* AIM OF THE TASK:
Your answer must be the exact lines of the listing below that run from the line with "More Photos Of" to the line with "Used 2024 Jeep", ends included, and no pictures.

* DATA PROVIDED:
- Opening Delimiter -
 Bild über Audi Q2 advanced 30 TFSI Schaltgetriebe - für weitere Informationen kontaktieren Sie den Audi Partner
- Closing Delimiter -
- Opening Delimiter -
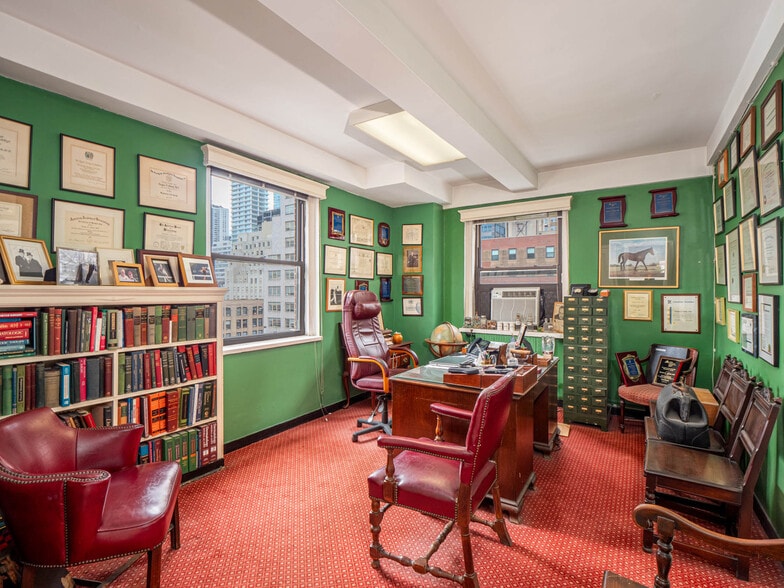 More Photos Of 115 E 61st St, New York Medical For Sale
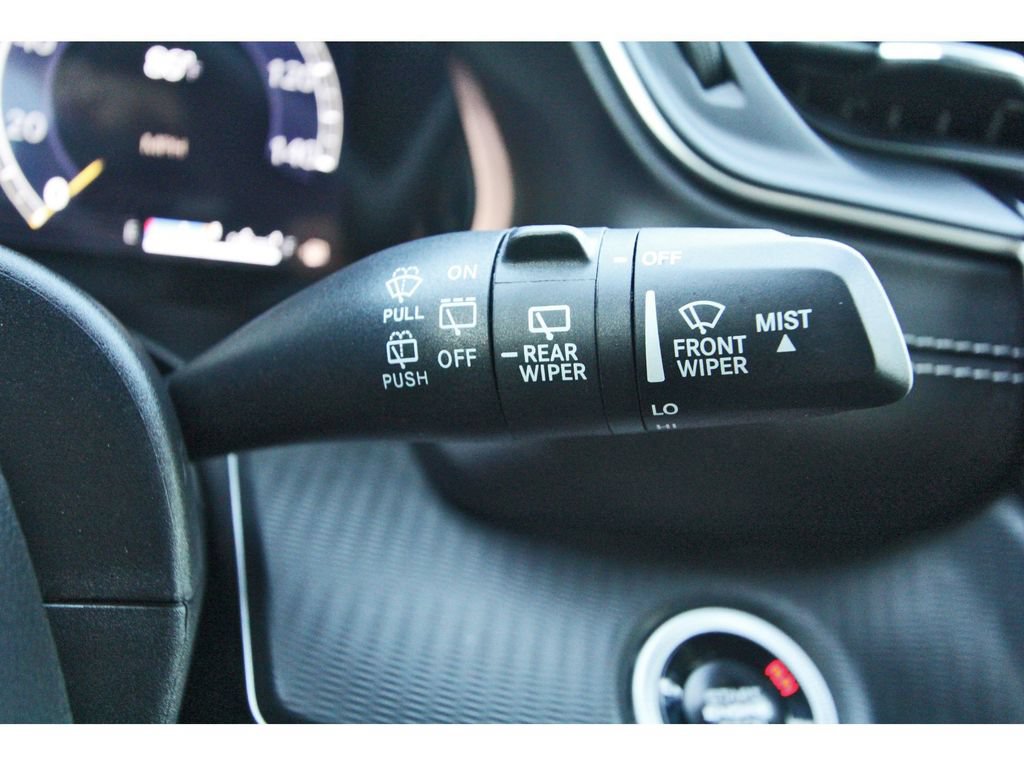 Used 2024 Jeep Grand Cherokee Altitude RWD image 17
- Closing Delimiter -
* EXERCISE RESULT:
 More Photos Of 115 E 61st St, New York Medical For Sale
 Used 2024 Jeep Grand Cherokee Altitude RWD image 17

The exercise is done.